(Information given Opens)

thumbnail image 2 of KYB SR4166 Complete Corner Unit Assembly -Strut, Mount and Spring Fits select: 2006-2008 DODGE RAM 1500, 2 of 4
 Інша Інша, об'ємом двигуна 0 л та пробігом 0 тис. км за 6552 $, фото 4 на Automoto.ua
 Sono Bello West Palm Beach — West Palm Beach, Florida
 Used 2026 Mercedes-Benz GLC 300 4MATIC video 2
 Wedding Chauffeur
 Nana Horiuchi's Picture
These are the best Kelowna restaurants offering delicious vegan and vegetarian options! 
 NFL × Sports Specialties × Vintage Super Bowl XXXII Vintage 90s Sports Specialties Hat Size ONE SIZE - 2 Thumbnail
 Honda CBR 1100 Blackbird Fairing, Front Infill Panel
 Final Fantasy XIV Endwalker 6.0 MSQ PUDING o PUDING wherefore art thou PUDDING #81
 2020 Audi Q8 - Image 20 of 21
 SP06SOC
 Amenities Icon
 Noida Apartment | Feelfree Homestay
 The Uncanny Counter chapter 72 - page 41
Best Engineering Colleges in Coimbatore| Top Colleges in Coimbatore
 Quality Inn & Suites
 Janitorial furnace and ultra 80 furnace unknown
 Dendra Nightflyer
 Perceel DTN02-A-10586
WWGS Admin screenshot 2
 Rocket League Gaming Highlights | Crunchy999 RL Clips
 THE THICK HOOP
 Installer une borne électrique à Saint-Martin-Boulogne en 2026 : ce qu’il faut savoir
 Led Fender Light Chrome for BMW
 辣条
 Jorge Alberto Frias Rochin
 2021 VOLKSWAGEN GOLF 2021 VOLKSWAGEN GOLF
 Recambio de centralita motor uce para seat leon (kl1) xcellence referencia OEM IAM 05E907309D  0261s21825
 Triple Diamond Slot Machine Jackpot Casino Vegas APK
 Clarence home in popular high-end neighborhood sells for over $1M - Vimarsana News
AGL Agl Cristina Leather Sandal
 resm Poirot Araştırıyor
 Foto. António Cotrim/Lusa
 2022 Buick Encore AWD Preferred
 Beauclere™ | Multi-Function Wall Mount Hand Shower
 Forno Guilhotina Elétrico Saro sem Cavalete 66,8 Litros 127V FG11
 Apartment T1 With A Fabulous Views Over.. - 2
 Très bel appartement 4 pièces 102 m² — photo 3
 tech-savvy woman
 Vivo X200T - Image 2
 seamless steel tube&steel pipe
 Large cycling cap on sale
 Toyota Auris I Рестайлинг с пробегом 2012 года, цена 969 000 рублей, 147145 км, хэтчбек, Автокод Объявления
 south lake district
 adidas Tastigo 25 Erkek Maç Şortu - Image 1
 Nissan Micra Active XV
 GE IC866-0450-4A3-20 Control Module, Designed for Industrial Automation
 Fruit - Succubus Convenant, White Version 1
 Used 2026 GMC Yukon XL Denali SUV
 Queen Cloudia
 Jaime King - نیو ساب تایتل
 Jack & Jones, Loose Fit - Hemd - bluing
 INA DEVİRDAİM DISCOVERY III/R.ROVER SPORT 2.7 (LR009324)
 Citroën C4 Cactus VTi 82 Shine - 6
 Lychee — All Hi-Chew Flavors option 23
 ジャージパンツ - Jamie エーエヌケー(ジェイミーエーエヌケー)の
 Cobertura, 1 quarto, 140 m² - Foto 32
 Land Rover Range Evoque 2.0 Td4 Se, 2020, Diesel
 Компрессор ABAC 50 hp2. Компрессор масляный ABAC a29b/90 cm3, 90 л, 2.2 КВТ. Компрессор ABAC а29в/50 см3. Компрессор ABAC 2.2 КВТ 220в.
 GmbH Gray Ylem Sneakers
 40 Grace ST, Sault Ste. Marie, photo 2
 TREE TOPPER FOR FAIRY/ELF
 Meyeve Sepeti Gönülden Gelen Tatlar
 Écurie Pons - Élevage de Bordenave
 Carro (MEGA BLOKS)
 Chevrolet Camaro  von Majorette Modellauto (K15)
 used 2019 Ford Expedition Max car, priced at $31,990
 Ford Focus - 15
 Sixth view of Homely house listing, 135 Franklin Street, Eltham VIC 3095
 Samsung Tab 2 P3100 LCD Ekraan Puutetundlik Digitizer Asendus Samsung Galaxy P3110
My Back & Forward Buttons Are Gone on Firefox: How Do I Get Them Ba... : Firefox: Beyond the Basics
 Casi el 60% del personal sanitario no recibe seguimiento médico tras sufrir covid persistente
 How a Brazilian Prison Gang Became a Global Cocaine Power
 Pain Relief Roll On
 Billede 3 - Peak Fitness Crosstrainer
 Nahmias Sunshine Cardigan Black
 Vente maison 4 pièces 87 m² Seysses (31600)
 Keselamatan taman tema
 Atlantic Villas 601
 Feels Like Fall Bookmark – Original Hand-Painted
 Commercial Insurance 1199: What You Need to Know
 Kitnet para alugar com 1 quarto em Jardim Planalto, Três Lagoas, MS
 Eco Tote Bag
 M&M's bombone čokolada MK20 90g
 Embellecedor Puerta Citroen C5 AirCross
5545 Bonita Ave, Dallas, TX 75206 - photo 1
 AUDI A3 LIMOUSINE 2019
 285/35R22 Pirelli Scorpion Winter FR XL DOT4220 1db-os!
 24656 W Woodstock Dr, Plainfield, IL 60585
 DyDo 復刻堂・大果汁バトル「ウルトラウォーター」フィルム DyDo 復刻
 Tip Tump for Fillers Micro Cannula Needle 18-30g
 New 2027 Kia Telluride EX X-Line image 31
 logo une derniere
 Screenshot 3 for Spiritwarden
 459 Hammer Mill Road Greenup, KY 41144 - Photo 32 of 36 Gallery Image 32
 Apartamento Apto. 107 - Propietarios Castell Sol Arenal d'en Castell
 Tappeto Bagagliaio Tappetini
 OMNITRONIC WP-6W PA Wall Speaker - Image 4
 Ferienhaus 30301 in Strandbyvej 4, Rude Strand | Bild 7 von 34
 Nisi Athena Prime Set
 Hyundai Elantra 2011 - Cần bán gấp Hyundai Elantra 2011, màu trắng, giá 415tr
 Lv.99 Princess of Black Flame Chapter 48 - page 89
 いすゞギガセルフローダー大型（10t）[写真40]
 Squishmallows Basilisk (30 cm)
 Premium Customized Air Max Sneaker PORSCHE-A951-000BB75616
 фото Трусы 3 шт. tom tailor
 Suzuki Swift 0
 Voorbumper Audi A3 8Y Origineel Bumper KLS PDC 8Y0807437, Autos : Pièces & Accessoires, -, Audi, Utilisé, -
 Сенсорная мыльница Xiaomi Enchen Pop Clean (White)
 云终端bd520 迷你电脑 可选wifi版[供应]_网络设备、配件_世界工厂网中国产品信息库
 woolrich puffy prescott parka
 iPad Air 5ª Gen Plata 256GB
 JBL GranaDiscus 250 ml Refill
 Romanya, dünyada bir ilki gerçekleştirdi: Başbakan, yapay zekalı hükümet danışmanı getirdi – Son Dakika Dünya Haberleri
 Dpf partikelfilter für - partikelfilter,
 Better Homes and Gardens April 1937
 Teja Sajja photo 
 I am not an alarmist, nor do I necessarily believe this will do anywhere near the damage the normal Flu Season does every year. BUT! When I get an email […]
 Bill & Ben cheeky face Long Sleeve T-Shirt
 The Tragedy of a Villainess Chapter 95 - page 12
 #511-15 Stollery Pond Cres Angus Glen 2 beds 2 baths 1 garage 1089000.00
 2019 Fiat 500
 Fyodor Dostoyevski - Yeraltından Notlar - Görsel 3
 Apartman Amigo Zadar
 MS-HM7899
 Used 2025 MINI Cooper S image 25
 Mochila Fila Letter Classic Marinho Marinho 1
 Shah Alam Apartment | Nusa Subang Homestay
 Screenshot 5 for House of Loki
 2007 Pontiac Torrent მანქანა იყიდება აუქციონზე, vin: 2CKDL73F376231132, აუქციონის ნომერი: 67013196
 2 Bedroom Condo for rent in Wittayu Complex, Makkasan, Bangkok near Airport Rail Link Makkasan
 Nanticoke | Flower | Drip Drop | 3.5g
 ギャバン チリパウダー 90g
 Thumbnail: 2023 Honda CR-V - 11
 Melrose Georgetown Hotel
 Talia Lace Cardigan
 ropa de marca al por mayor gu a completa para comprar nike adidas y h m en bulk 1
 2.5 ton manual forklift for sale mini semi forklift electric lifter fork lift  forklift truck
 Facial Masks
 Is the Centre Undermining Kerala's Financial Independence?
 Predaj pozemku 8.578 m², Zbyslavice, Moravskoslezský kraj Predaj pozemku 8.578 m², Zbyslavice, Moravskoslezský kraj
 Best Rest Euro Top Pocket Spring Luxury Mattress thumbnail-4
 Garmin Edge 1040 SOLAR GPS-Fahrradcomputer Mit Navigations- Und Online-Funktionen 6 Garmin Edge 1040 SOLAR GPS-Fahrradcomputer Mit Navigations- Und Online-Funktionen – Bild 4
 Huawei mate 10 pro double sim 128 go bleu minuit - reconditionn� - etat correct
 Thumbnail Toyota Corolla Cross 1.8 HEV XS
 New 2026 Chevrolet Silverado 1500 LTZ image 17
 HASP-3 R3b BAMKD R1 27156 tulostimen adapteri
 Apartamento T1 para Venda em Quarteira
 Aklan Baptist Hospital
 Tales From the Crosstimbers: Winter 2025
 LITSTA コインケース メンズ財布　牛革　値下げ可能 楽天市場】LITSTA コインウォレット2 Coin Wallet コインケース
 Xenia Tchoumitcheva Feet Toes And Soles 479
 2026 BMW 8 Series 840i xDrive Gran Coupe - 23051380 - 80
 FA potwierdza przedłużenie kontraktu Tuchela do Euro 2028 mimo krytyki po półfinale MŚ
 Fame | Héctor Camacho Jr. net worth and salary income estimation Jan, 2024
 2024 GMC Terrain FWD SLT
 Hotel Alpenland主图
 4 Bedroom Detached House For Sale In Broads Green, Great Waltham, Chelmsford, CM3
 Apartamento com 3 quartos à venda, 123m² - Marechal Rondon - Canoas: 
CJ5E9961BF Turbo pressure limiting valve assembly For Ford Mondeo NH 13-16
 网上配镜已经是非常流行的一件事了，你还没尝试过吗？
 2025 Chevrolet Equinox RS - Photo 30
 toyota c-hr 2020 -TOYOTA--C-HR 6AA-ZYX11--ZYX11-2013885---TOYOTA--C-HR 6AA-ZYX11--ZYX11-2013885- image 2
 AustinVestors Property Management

(Information given Closes)

◆ **Work instructions**: Check every line of the entries above for the word "para" and report how many lines contain it, giving the number only.

◆ **Answer section**: 4